Yesterday, I was heartbroken (as were a hell of a lot of folks) to learn that Ryan Davis, co-founder of Giant Bomb, lover of SUMMER JAMZ and New Balance sneakers, passed away suddenly last week. He was 34 and had gotten married four days prior.

It’s hard to explain what a good, passionate guy Ryan was. I became a huge fan of his largely because of his tireless video project, This Ain’t No Game, where he forced himself to endure every video game-based movie. (If you’ve never watched TANG, now is an excellent time to do so.) His voice and sense of humor pervaded Giant Bomb’s podcast and video work, which became staples of my gaming world over the last five years.

So many people have written about the spot Ryan held in their lives, and it speaks volumes to how beloved he was in a community that largely thrives off snark and bitterness. And while I didn’t know him personally (my only interaction being mumbling something at him at PAX East a few years back about being a big fan), I do have one small fairly dumb story. It’s not dissimilar from my one Steve Jobs anecdote, although it’s not nearly as good.

April 1st is, of course, April Fools Day and/or Internet Asshole Day, full of terrible “pranks” around the internet. (I don’t do April Fools jokes after the prank to end all pranks in 2004.) The gaming community ends up particularly burdened with site owners trying really hard to do something witty and wacky, and it drives most of us up the wall. Including Ryan.

Having just finished Bioshock Infinite, I decided to try my luck at cracking a timely joke, which will (of course) only make sense if you’ve finished Infinite.

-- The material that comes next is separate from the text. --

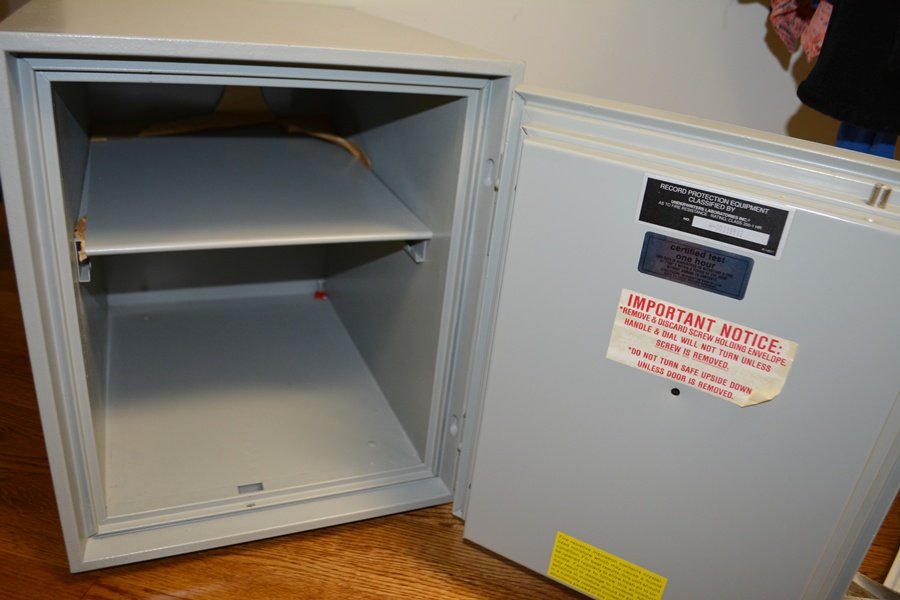 Fire Fyter Safe EBTH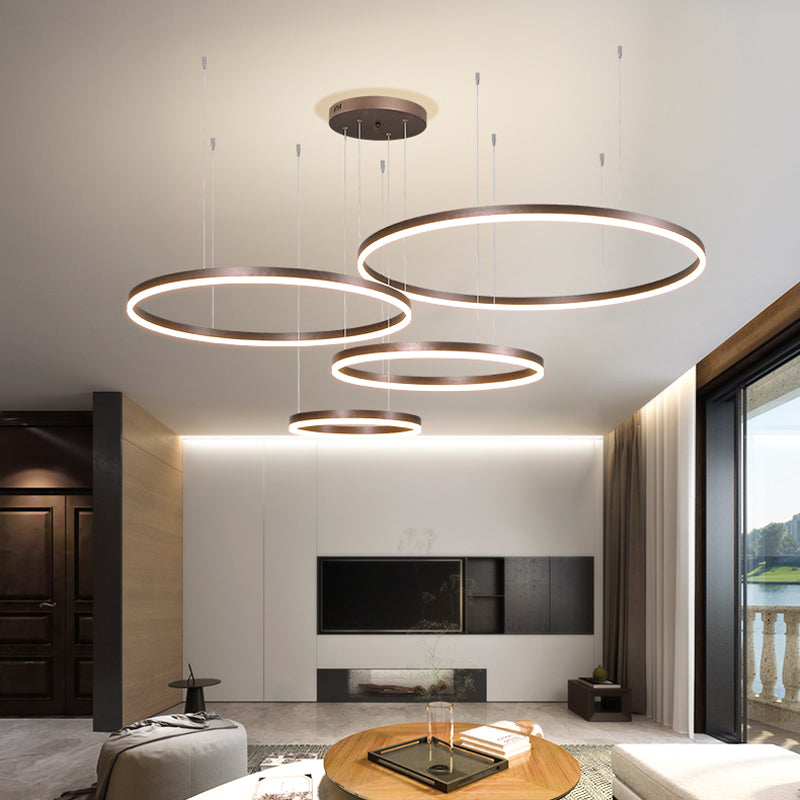 Remi Pendant Light Tir-Circle Liner - product image 6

It may have been exhaustion from other bad jokes or the fact that Bioshock Infinite jokes hadn’t yet gotten obnoxious (we’d hit that milestone maybe an hour or two later), but it apparently amused Ryan enough to get a retweet out of him. And the subsequent back and forth of further Infinite/April-Fools-Is-Terrible jokes with my compatriot Benjamin Birdie also got retweets from him.

That initial retweet has been stuck at the top of my ThinkUp dashboard since April – something with the recent betas broke the insights from updating, and I’ve been too busy to really sort out fixing it. But perhaps it’s not broken; maybe the accomplishment of making Ryan chuckle on the worst day on the Internet for jokes is an achievement worth holding on to.

Anyway.

Dumb personal Twitter-based anecdotes aside – I’m not sure what the gaming industry will be like without Ryan in it, but I hope he inspires more people in it to be more honest, funny, and actually have a good time. More folks like Ryan, and less Dorito Popes, please.

My One Good Steve Jobs Anecdote

A few hours ago, [Apple announced that Steve Jobs had passed away](http://www.apple.com/stevejobs/).

While I had the opportunity to see Steve present seven keynotes – two MWNY, five WWDC – the one anecdote I have is about what didn’t happen at one of those keynotes. (It’s admittedly second-hand information and I never personally verified it, but I subscribe to the Tony Wilson/24 Hour Party People notion of choosing between the truth and the legend.)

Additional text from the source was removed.